(Records contained in a dataset)
━━━━━━━━━━

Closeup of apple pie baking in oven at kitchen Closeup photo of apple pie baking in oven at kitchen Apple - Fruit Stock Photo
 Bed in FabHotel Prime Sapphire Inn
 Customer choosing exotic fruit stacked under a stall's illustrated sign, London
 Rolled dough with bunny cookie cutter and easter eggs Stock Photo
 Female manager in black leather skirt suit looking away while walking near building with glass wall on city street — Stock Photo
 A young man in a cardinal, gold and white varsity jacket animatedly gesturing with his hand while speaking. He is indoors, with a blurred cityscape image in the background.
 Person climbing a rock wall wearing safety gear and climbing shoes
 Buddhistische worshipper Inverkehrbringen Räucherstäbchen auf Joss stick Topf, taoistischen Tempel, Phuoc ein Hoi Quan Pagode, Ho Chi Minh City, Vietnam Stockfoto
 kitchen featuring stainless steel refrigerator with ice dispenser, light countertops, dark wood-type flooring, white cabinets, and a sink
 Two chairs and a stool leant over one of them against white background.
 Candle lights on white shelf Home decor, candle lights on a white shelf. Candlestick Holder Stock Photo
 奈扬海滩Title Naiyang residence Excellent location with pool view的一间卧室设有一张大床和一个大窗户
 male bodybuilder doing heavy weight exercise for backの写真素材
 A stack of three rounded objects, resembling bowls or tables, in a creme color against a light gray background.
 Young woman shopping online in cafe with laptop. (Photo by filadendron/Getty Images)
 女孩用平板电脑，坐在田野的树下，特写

━━━━━━━━━━

▶ [Task to carry out]: Repeat all of the entries exactly.

▶ [Output]:
Closeup of apple pie baking in oven at kitchen Closeup photo of apple pie baking in oven at kitchen Apple - Fruit Stock Photo
 Bed in FabHotel Prime Sapphire Inn
 Customer choosing exotic fruit stacked under a stall's illustrated sign, London
 Rolled dough with bunny cookie cutter and easter eggs Stock Photo
 Female manager in black leather skirt suit looking away while walking near building with glass wall on city street — Stock Photo
 A young man in a cardinal, gold and white varsity jacket animatedly gesturing with his hand while speaking. He is indoors, with a blurred cityscape image in the background.
 Person climbing a rock wall wearing safety gear and climbing shoes
 Buddhistische worshipper Inverkehrbringen Räucherstäbchen auf Joss stick Topf, taoistischen Tempel, Phuoc ein Hoi Quan Pagode, Ho Chi Minh City, Vietnam Stockfoto
 kitchen featuring stainless steel refrigerator with ice dispenser, light countertops, dark wood-type flooring, white cabinets, and a sink
 Two chairs and a stool leant over one of them against white background.
 Candle lights on white shelf Home decor, candle lights on a white shelf. Candlestick Holder Stock Photo
 奈扬海滩Title Naiyang residence Excellent location with pool view的一间卧室设有一张大床和一个大窗户
 male bodybuilder doing heavy weight exercise for backの写真素材
 A stack of three rounded objects, resembling bowls or tables, in a creme color against a light gray background.
 Young woman shopping online in cafe with laptop. (Photo by filadendron/Getty Images)
 女孩用平板电脑，坐在田野的树下，特写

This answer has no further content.